I could see a degen potion be reworked to give 1 bad transient mutation and 1 good transient mutation from a list of not the worst and not the best mutations (no -potion/scroll or clarity but maybe shoutitis and other similar muts). Make it more interesting and not be an only negative potion. Muts being transient keeps it in line with how degen works now as well: quaff it, and figure out how to survive/benefit from the good mutation.
!Degen was a potentially disasterous but otherwise just an innocuous annoyance.
If a mob triggering a trap affects you, why not having !Degen affect all in LOS with degeneration effect(s)?
Could also just remove the thing
One of the mechanics I love most in games is being able to throw items at enemies. I think throwing potions would be really cool & it would give them use
Potion throwing was in the game at one point with the spell Evaporate and was removed in 0.12. You’re not going to be able to convince the devs to put it back in, but you can play an old version and see what it was like. I know CAO still hosts historic versions to play in Webtiles all the way back to 0.11. The last time I gave 0.11 a try as a palate cleanser, I was killed by an escape hatch mimic. Lots of fun silly stuff, but a lot of it also makes the pacing and tedium worse.
Those really old versions had throwing of all sorts of weapons, too. I’m not sure exactly what the reasoning was for removing that, but I appreciate not feeling obligated to pick up every random dagger I see on the floor, just in case I need it.
One game can’t be everything, even a super cool roguelike unfortunately. What games do you like to play that have throwing anything in them?
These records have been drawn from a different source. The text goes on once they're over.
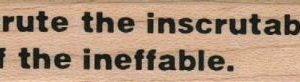 Scrute The Inscrutable 3/4 x 2 1/2-0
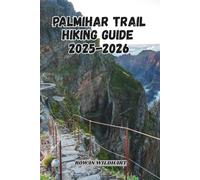 PALMILHAR TRAIL HIKING GUIDE 2025-2026: Explore the World’s Longest Circular Route Around Portugal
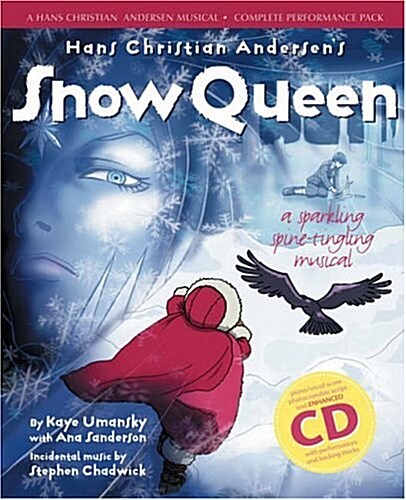 Hans Christian Andersens Snow Queen (Complete Performance Pack: Book + Enhanced CD) : A Sparkling Spine-Tingling Musical (Package)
Inventory cluttering was probably one of the main reasons for that change, I’d assume. In the earlier versions of DCSS (or Linley’s Dungeon Crawl) you got a full inventory quite early and then had to decide what to drop each time you wanted to pick up something. The game has improved so much in that regard.
I think discussing if !Degen is “bad” and needs a revamp, a rework, a throwable secondary use, worth an “inventory slot”, etc. is a fun thought experiment, but it’s mostly missing the point. DCSS has changed and now !Degen doesn’t have a home in it.
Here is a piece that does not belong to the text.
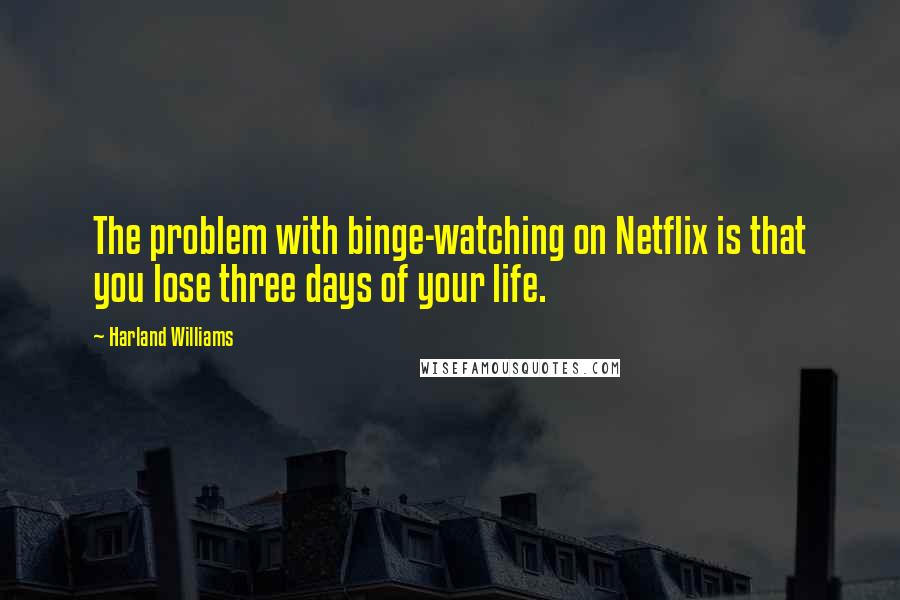 Harland Williams Quotes: The problem with binge-watching on Netflix is that you lose three days of your life.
Like @vvokhom said right off the bat, the devs have (largely) removed “item identification” as a challenge/threat/metagame. The !Degen effect isn’t “bad”, there’s just nothing around it to give the negative effect a meaningful context. I agree with @dead_alchemy, if it were removed it would make a lot of sense.
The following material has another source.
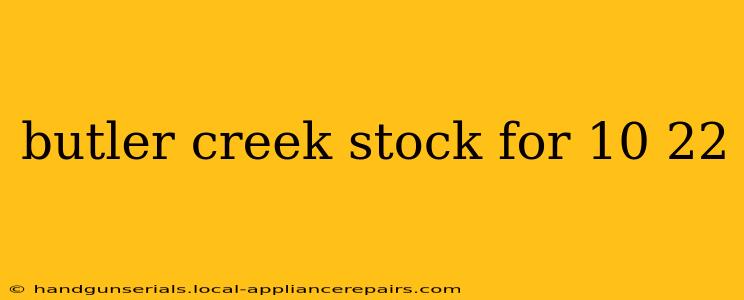 butler creek stock for 10 22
(And if “give and take” consumables want to be given another look later, then !Degen could be fun inspiration down the road.)
My impression is that it those aspects of identification were removed because they never were essential to any challenge/threat/metagame to begin with.
I think what that means is that the id minigame just needs to be more difficult.
Here’s another suggestion: Let ?Id scrolls only identify other scrolls. !Mutation, !Curing and one random potion (maybe more?) are always known to the player from the start, but the rest requires quaff-id. Now the question is not whether to quaff-id, but when to quaff-id and deal with the consequences of !Degen.
At this point I think identification scrolls could be simply removed. You can always generate 1 more scroll/potion on average per game if you strongly feel this would be a nerf. Random reading and quaffing is more fun. I see no need to keep identification just for scrolls, for example.
If you do not want to force random mutation potions (I do not think this is a big deal), you can simply make them identified from the beginning, as suggested.
I think degeneration could be simply removed in either case.